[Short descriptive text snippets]
┌────────
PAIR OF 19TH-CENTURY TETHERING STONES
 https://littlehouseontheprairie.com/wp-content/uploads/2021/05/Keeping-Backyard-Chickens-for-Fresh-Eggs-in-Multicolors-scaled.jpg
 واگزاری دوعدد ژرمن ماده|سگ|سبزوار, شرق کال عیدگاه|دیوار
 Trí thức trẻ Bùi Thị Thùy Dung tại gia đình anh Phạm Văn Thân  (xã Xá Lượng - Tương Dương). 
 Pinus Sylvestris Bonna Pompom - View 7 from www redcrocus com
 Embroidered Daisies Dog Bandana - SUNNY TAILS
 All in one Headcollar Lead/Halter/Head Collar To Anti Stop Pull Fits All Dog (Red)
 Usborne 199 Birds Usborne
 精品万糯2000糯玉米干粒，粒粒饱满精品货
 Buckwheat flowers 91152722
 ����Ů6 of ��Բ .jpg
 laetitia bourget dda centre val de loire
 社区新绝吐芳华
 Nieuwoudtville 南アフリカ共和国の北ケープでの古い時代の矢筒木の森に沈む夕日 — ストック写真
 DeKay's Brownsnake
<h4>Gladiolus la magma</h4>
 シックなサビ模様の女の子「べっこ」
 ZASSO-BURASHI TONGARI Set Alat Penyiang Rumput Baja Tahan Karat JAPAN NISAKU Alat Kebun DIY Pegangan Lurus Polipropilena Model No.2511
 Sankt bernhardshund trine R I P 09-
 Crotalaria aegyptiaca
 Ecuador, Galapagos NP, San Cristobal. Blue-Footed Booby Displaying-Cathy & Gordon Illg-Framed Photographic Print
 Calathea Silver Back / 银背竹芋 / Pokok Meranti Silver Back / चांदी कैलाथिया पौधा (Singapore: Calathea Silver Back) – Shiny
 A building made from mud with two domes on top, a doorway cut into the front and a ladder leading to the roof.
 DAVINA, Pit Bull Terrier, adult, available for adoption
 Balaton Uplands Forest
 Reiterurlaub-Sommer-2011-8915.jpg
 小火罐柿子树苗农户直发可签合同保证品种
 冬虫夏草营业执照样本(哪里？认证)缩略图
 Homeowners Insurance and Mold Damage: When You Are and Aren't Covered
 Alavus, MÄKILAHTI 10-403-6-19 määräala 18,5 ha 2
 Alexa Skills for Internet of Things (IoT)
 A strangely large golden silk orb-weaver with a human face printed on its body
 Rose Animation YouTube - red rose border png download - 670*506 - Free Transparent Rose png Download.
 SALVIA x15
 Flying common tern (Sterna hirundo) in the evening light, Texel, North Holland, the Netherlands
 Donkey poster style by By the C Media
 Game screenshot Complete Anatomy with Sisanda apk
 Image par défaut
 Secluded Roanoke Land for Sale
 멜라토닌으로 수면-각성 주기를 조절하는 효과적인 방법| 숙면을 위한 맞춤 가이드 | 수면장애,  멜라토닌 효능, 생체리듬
└────────
Without dropping a single line, output the records above exactly.

PAIR OF 19TH-CENTURY TETHERING STONES
 https://littlehouseontheprairie.com/wp-content/uploads/2021/05/Keeping-Backyard-Chickens-for-Fresh-Eggs-in-Multicolors-scaled.jpg
 واگزاری دوعدد ژرمن ماده|سگ|سبزوار, شرق کال عیدگاه|دیوار
 Trí thức trẻ Bùi Thị Thùy Dung tại gia đình anh Phạm Văn Thân  (xã Xá Lượng - Tương Dương). 
 Pinus Sylvestris Bonna Pompom - View 7 from www redcrocus com
 Embroidered Daisies Dog Bandana - SUNNY TAILS
 All in one Headcollar Lead/Halter/Head Collar To Anti Stop Pull Fits All Dog (Red)
 Usborne 199 Birds Usborne
 精品万糯2000糯玉米干粒，粒粒饱满精品货
 Buckwheat flowers 91152722
 ����Ů6 of ��Բ .jpg
 laetitia bourget dda centre val de loire
 社区新绝吐芳华
 Nieuwoudtville 南アフリカ共和国の北ケープでの古い時代の矢筒木の森に沈む夕日 — ストック写真
 DeKay's Brownsnake
<h4>Gladiolus la magma</h4>
 シックなサビ模様の女の子「べっこ」
 ZASSO-BURASHI TONGARI Set Alat Penyiang Rumput Baja Tahan Karat JAPAN NISAKU Alat Kebun DIY Pegangan Lurus Polipropilena Model No.2511
 Sankt bernhardshund trine R I P 09-
 Crotalaria aegyptiaca
 Ecuador, Galapagos NP, San Cristobal. Blue-Footed Booby Displaying-Cathy & Gordon Illg-Framed Photographic Print
 Calathea Silver Back / 银背竹芋 / Pokok Meranti Silver Back / चांदी कैलाथिया पौधा (Singapore: Calathea Silver Back) – Shiny
 A building made from mud with two domes on top, a doorway cut into the front and a ladder leading to the roof.
 DAVINA, Pit Bull Terrier, adult, available for adoption
 Balaton Uplands Forest
 Reiterurlaub-Sommer-2011-8915.jpg
 小火罐柿子树苗农户直发可签合同保证品种
 冬虫夏草营业执照样本(哪里？认证)缩略图
 Homeowners Insurance and Mold Damage: When You Are and Aren't Covered
 Alavus, MÄKILAHTI 10-403-6-19 määräala 18,5 ha 2
 Alexa Skills for Internet of Things (IoT)
 A strangely large golden silk orb-weaver with a human face printed on its body
 Rose Animation YouTube - red rose border png download - 670*506 - Free Transparent Rose png Download.
 SALVIA x15
 Flying common tern (Sterna hirundo) in the evening light, Texel, North Holland, the Netherlands
 Donkey poster style by By the C Media
 Game screenshot Complete Anatomy with Sisanda apk
 Image par défaut
 Secluded Roanoke Land for Sale
 멜라토닌으로 수면-각성 주기를 조절하는 효과적인 방법| 숙면을 위한 맞춤 가이드 | 수면장애,  멜라토닌 효능, 생체리듬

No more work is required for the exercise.